Directions
Wherever an image appears in the data, omit it and copy all the remaining text word for word.
Listed records below:
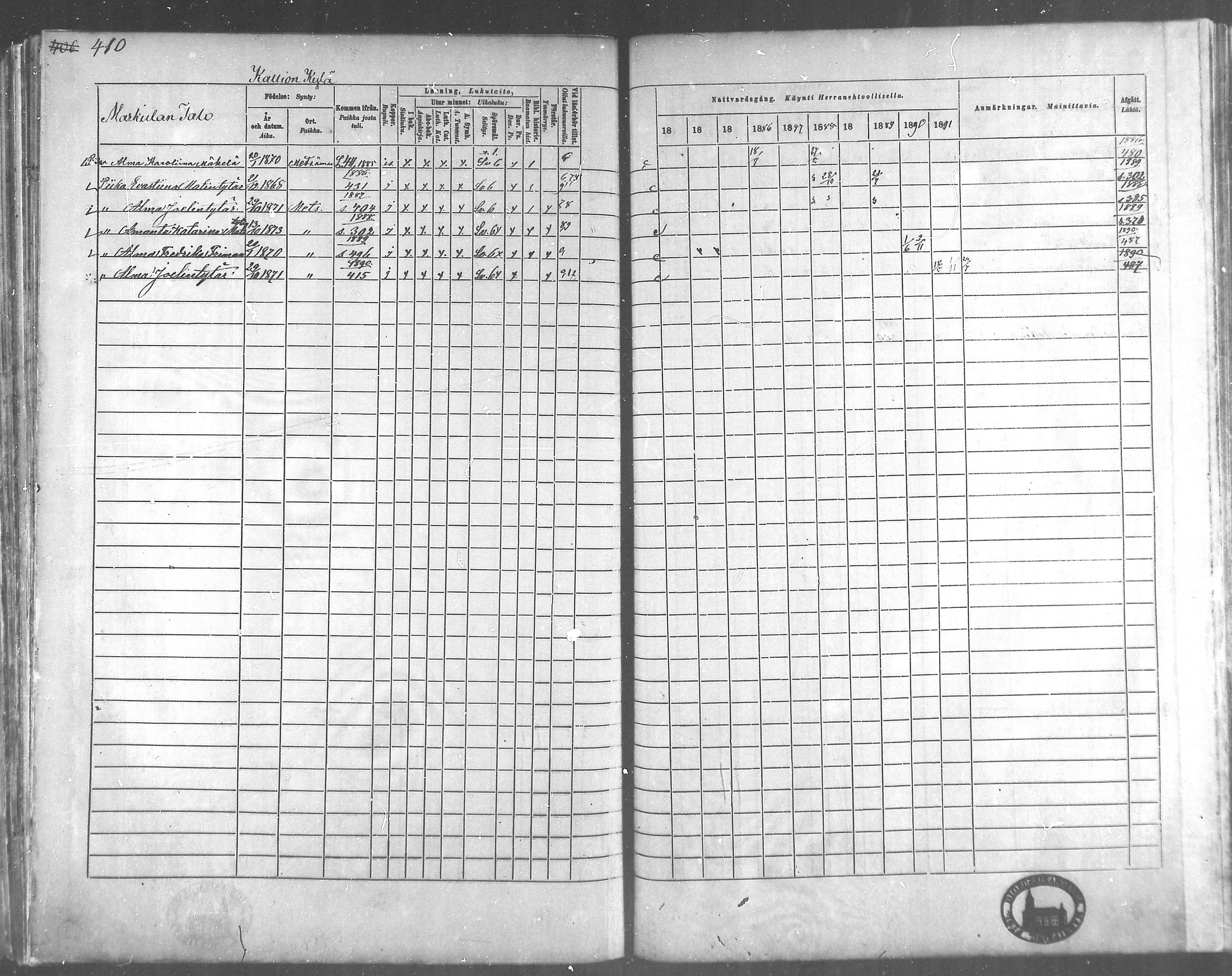 [ ../kirjat/Kirkonkirjat/metsamaa/rippikirja_1881-1891_mko53-60/kuvat/122.jpg ]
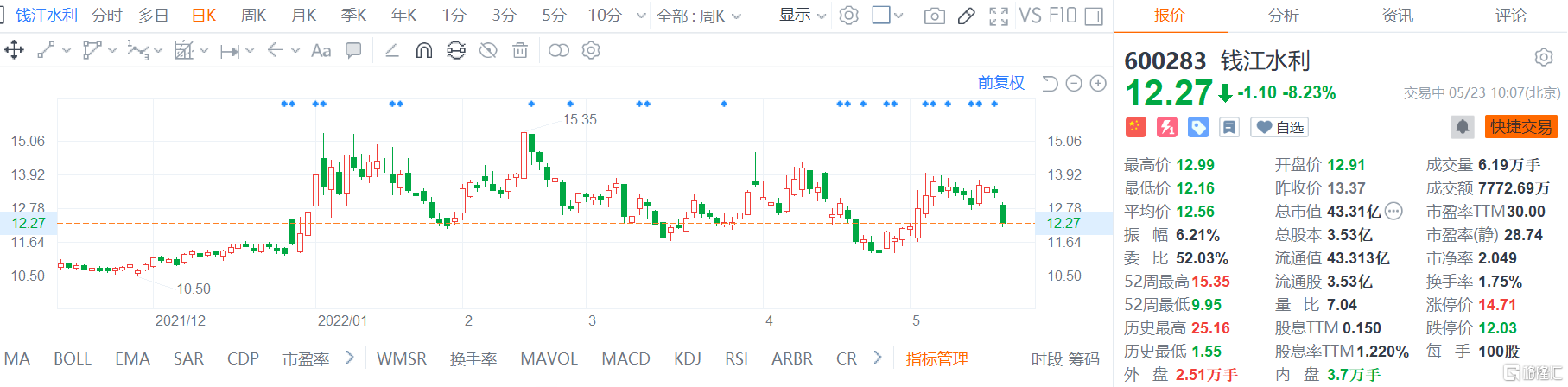 钱江水利(600283.SH)低开低走现报12.27元 地产股震荡走低 
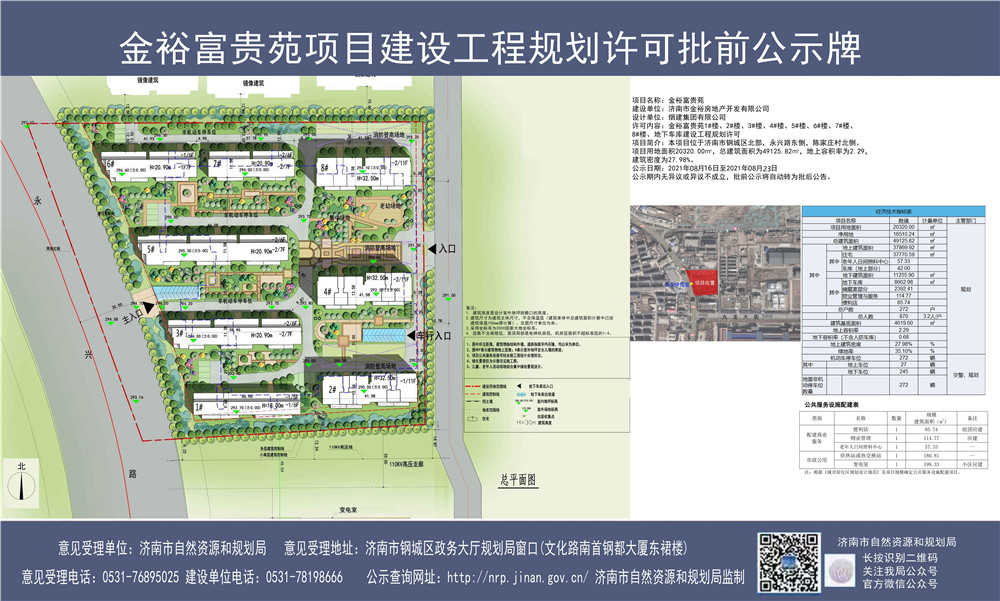 钢城区新增项目金裕富贵苑，总户数272户！(图1)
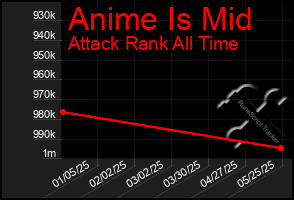 Total Graph of Anime Is Mid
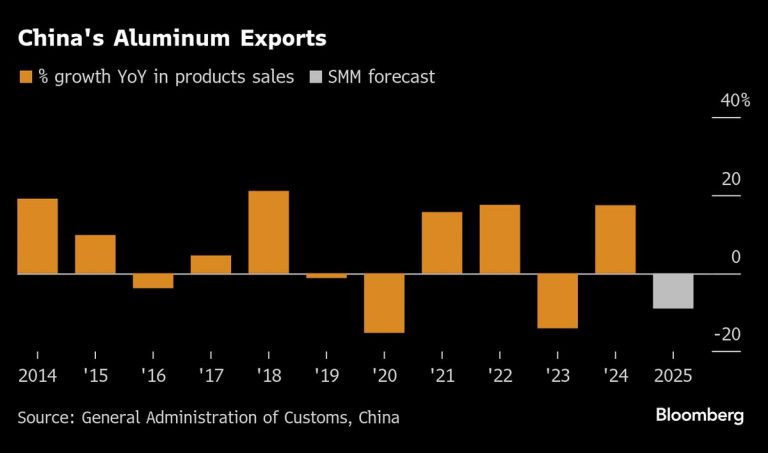 China’s Cap on Aluminum Capacity to Slow Output and Cut Exports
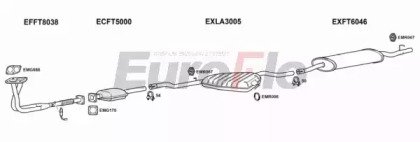 EuroFlo FTTEM16 2004B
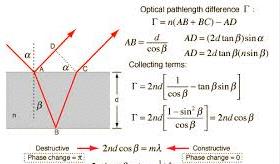 Interferenza cammino ottico Consideriamo ora E 1 = A sin(ωt -kr 1 ) ;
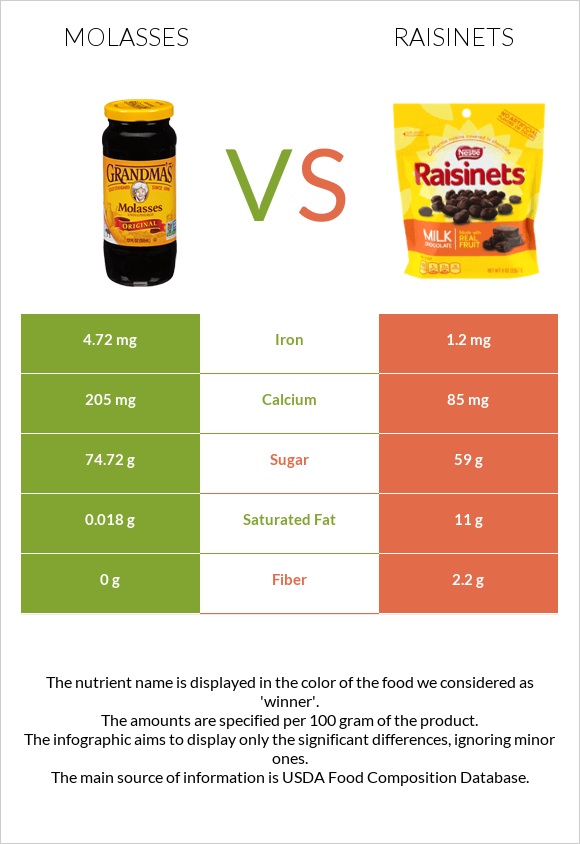 Molasses vs Raisinets infographic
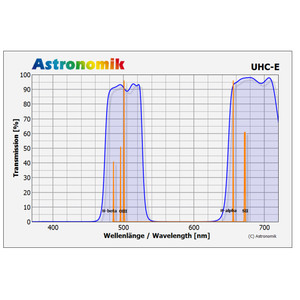 Astronomik Filtro UHC-E 50x50mm filter, unmounted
End of Listed records.
Response
 [ ../kirjat/Kirkonkirjat/metsamaa/rippikirja_1881-1891_mko53-60/kuvat/122.jpg ]
 钱江水利(600283.SH)低开低走现报12.27元 地产股震荡走低 
 钢城区新增项目金裕富贵苑，总户数272户！(图1)
 Total Graph of Anime Is Mid
 China’s Cap on Aluminum Capacity to Slow Output and Cut Exports
 EuroFlo FTTEM16 2004B
 Interferenza cammino ottico Consideriamo ora E 1 = A sin(ωt -kr 1 ) ;
 Molasses vs Raisinets infographic
 Astronomik Filtro UHC-E 50x50mm filter, unmounted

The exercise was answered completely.